Yes, perhaps the first thing to ask is how consistent is the data from this slice with the WMAP data from that region of sky?
Sean, I’m going to hazard an educated guess at your questions, in order:
Yes, the CMB is consistent with inflation.
Yes, there are non-Gaussian features in some regions, but the non-Gaussianity is going to be small and not necessarily compelling.
The strength of the perturbations will be slightly diminished at smaller distances, but nothing surprising (maybe n_s = 0.97).
No, we won’t learn anything from polarization.
And no, there’s no preferred direction, at least not with any statistical significance.
Do you think the answers will be any different from this?
On that note, does the Planck use the same statistical method as the WMAP (Spherical Mexican Hat Wavelets)?
If not, could it be used to confirm/deny the “statistcal error” explanation of the cold spot?
August, eh? Good timing – it’ll be nice to know the answer to the origin of it all before the end of the world.
(wink goes here)
Ethan, those are presumably the most vanilla guesses possible, and therefore likely to be right. If there is good evidence that the perturbations aren’t scale free at high statistical significance, that would certainly be very interesting.
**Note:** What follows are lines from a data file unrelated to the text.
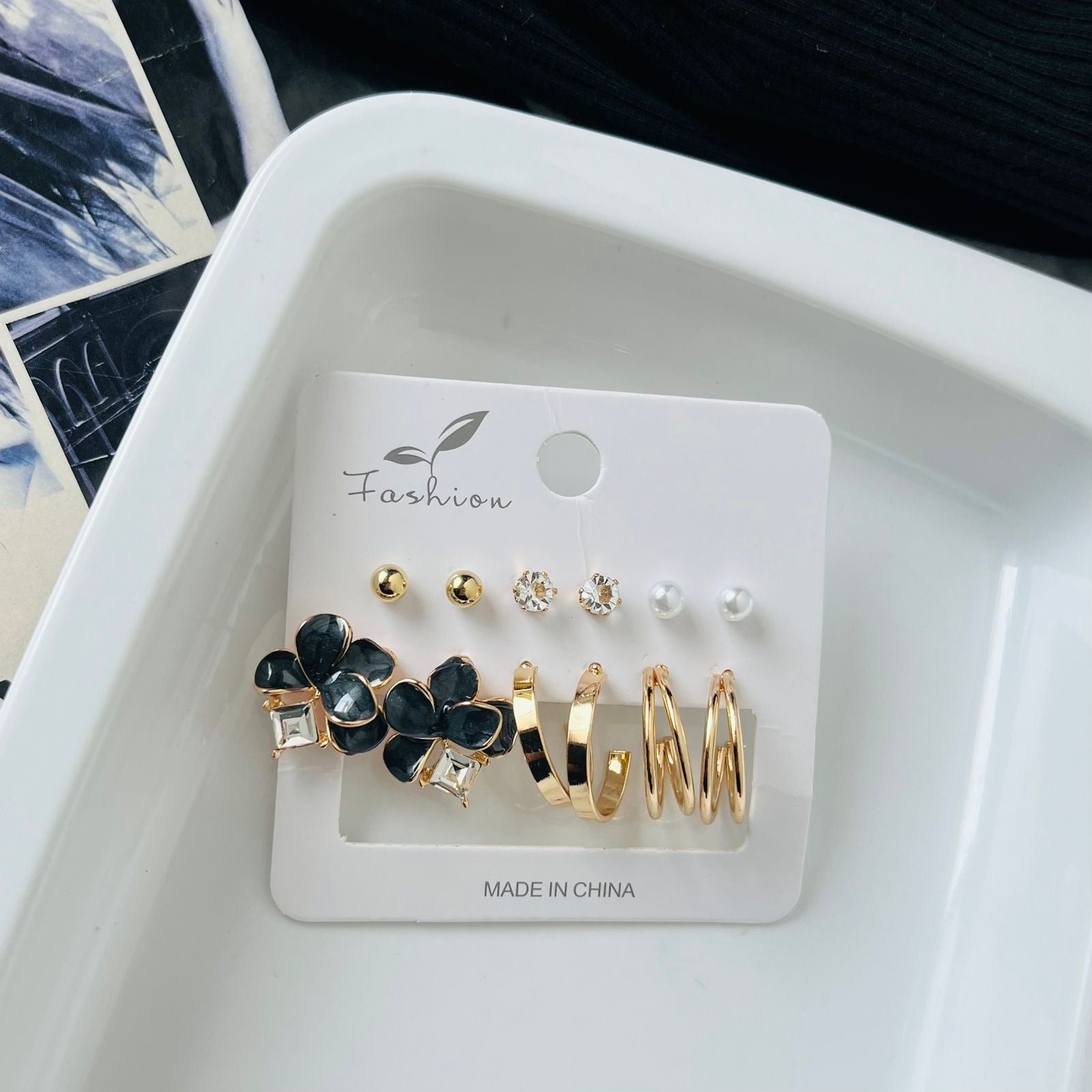 Black Flower Earrings Combo ( ₹17/- each Pair )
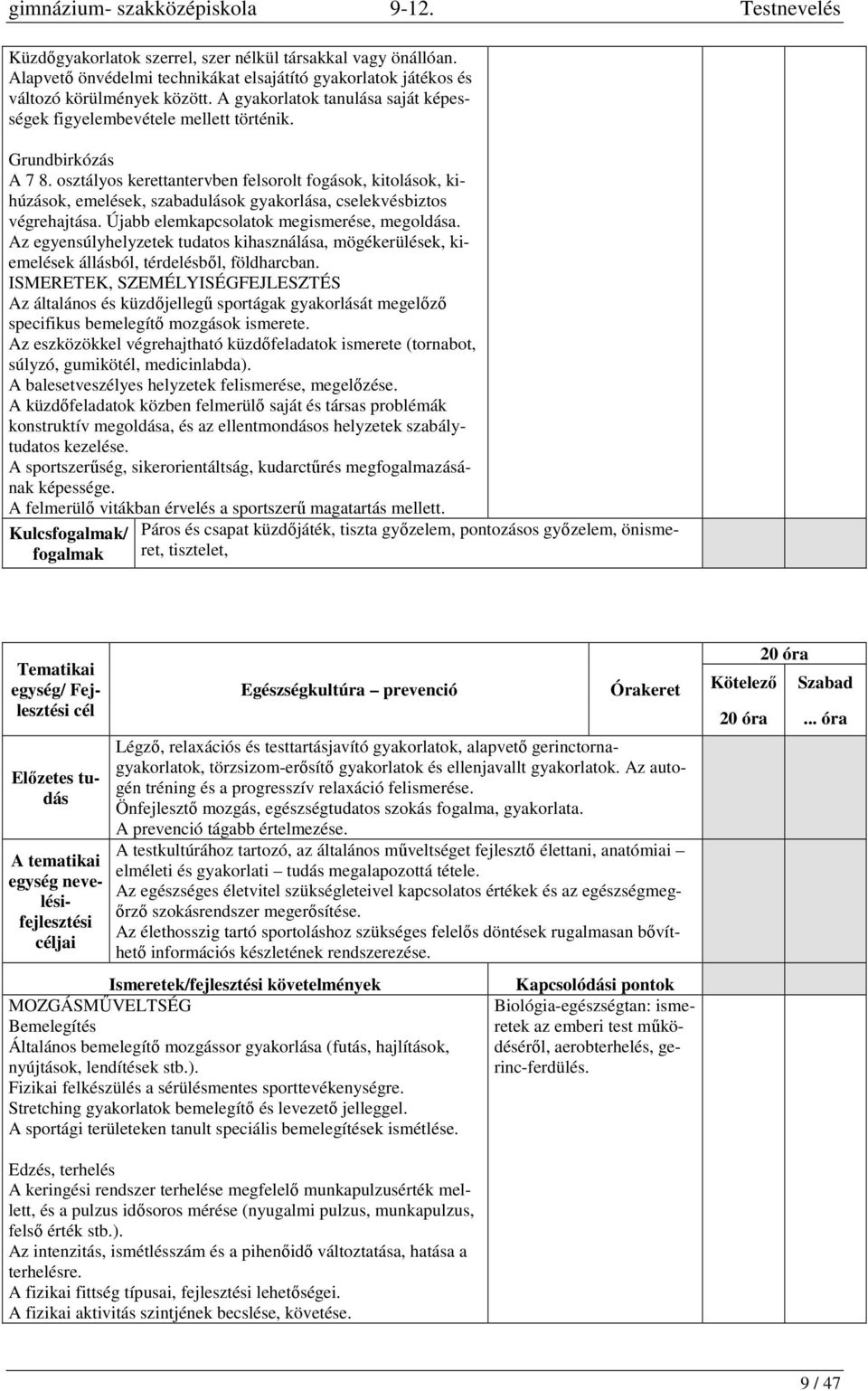 osztályos kerettantervben felsorolt fogások, kitolások, kihúzások, emelések, szabadulások gyakorlása, cselekvésbiztos végrehajtása. Újabb elemkapcsolatok megismerése, megoldása.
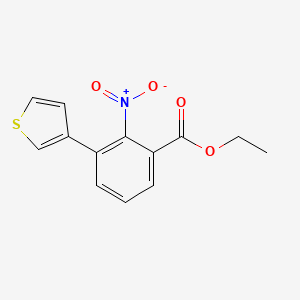 molecular formula C13H11NO4S B12628834 Ethyl 2-nitro-3-(thiophen-3-yl)benzoate CAS No. 919087-92-6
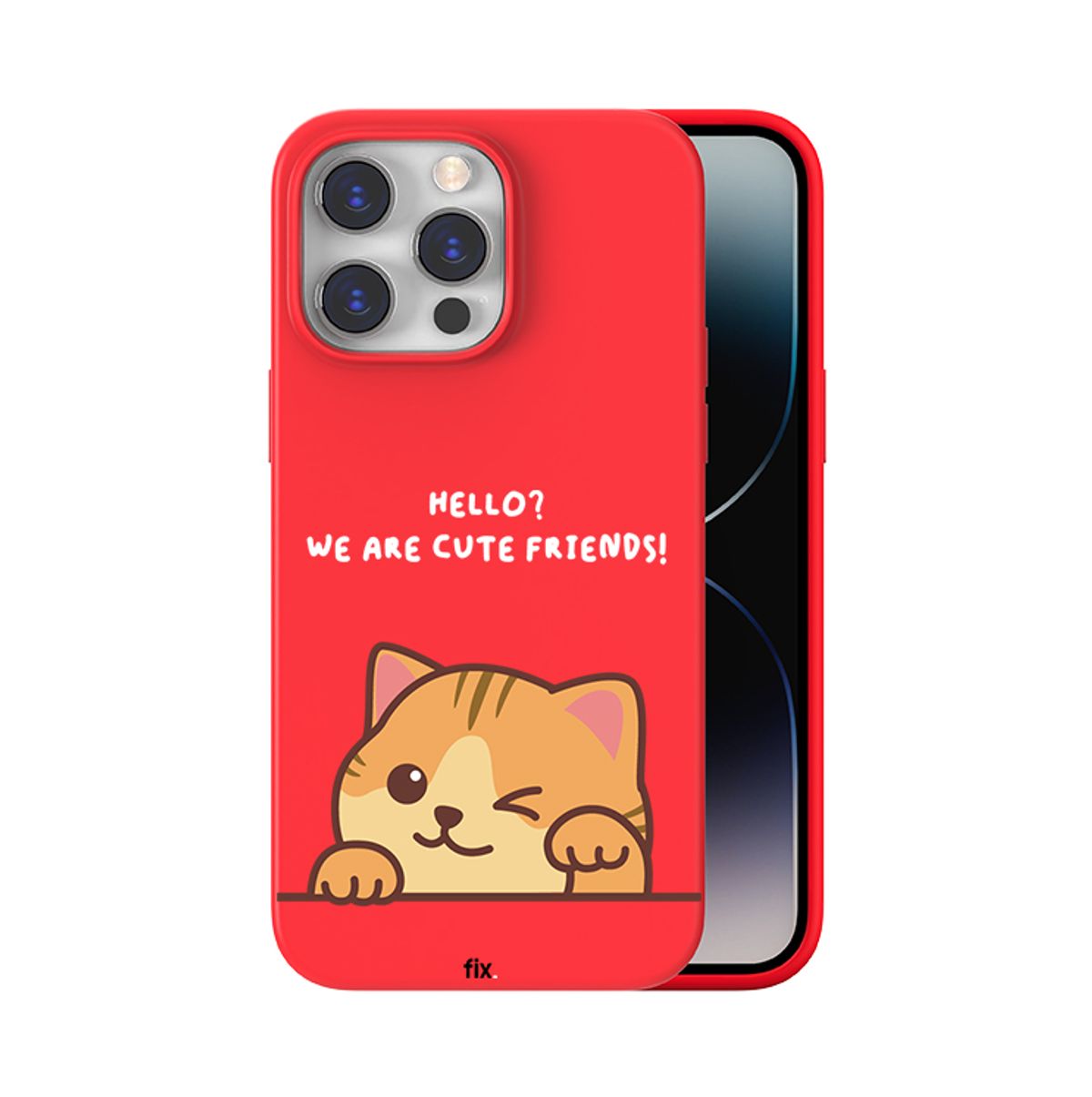 케이스픽스(CASEFIX) 아이폰 전기종  큐티프렌즈냥 컬러 소프트  케이스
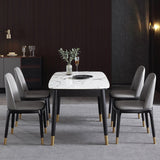 55" to 71" Modern Rectangular Extendable Dining Table with Marble Veneer Top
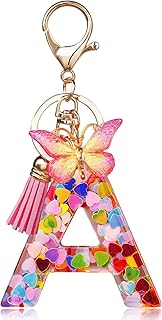 OSDUE Llavero de Letras y Mariposa - Colgante de Borla, Lentejuelas de Amor, Iniciales, Resina - Para Mujeres y Niñas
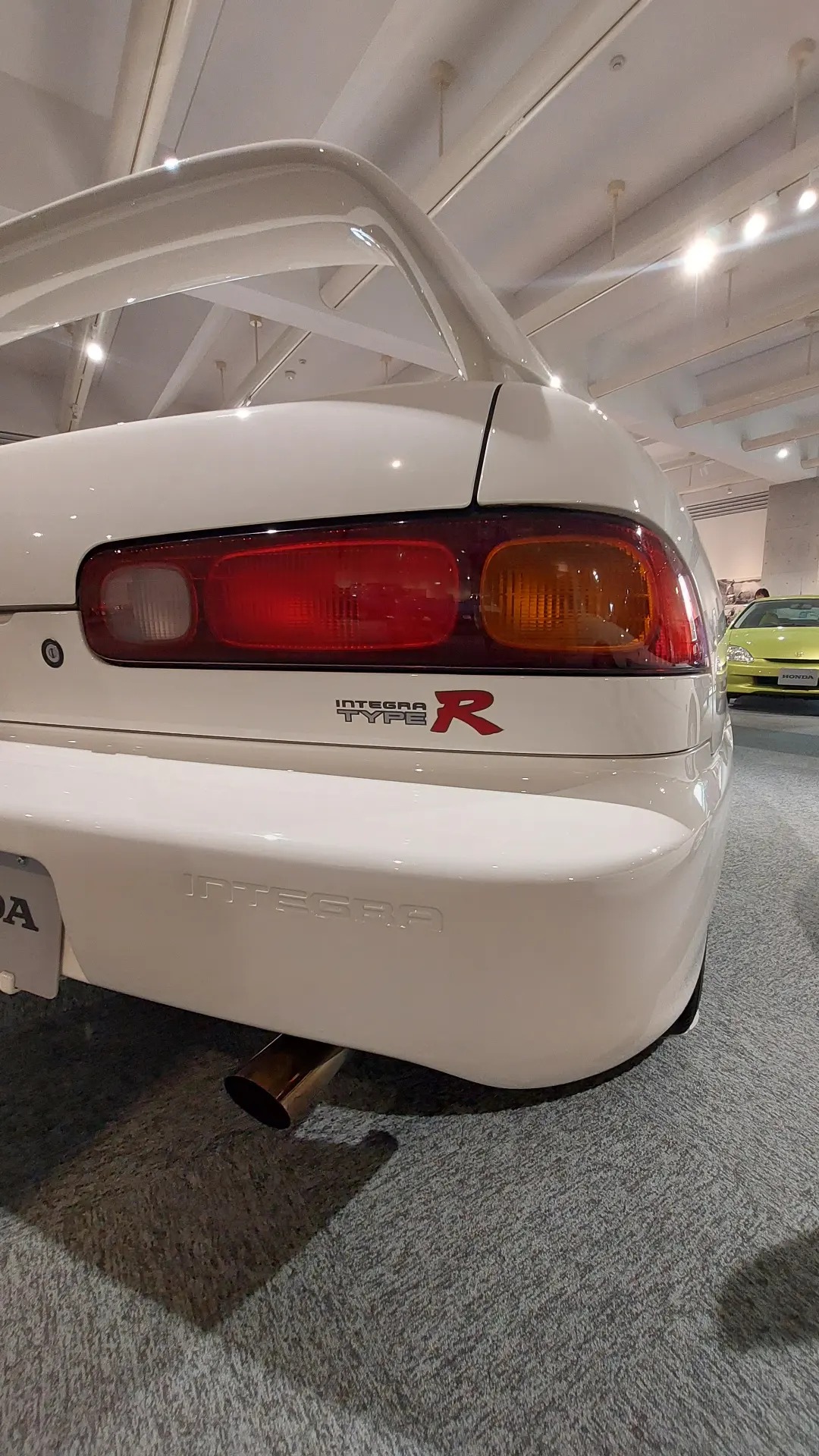 Honda Integra Type R rear badge detail on Championship White DC2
And there are various studies indicating that there is a preferred direction in the WMAP data, so if Planck says that it’s not there, that’s interesting in its own right.
What I’m interested in seeing is whether or not the “axis of evil” reappears in Planck data, as people Eriksen pointed out a while back it is possible that correlated noise might cause such an effect, but if so, then Planck with its very different noise properties should show either a very different “axis of evil”, or perhaps not at all.
My predictions for Sean’s series of questions :
Yes. Yes. Yes. No, No. No.
I’m rooting for a preferred direction in space. That would be cool!
Hey, I can answer the last question. There is a preferred direction to space: down. I know that may seem a little quarky, but that’s exactly what the data will show. Is that cool enough?
My question is: will Alan Guth be happy with the data? 😉
My predictions:
1. The scale of slow-roll inflation is low
2. No promordial gravity waves are observed
3. The CMB is mostly generated by a late decaying modulus field and not the inflaton
Sean, I think n_s = 1.00 is even more vanilla, but overall I agree with you. I’ve just seen so many 2- and 3-sigma results over the years in many different subfields of physics simply get overturned when statistics improve and/or new data comes in. I think that — with the exception of non-Gaussianity — there’s very little that’s going to surprise us about Planck. But we don’t know until we do the experiment, and that’s why we do it.
Hello,
It does look like something fractal, see :
http://eternal-cartesian.blogspot.com/2009/09/6.html
Cordially
If there is non-Gaussianity you might have to rename this blog “Cosmic Skewness”…
I think it won’t be consistent with inflation as I expect CMB to be a result of photon-photon scattering and therefore it should depend on our local Galactic neighborhood.
This reminds me of a question I’ve been meaning to ask. I’ve heard that when you fall into a black hole, everything you see above is blue shifted and is much brighter than it was when you started your fall. How bright does the CMB get? Do you need CMB-block? (Obviously, you’ve got bigger problems, but I was kind of wondering and what with the LHC not producing any convenient black holes …)
@15: Cosmic Kurtosis rolls off the tongue better.
When will WMAP respond to Liu and Li? Planck will need a stick in the sand to move on from.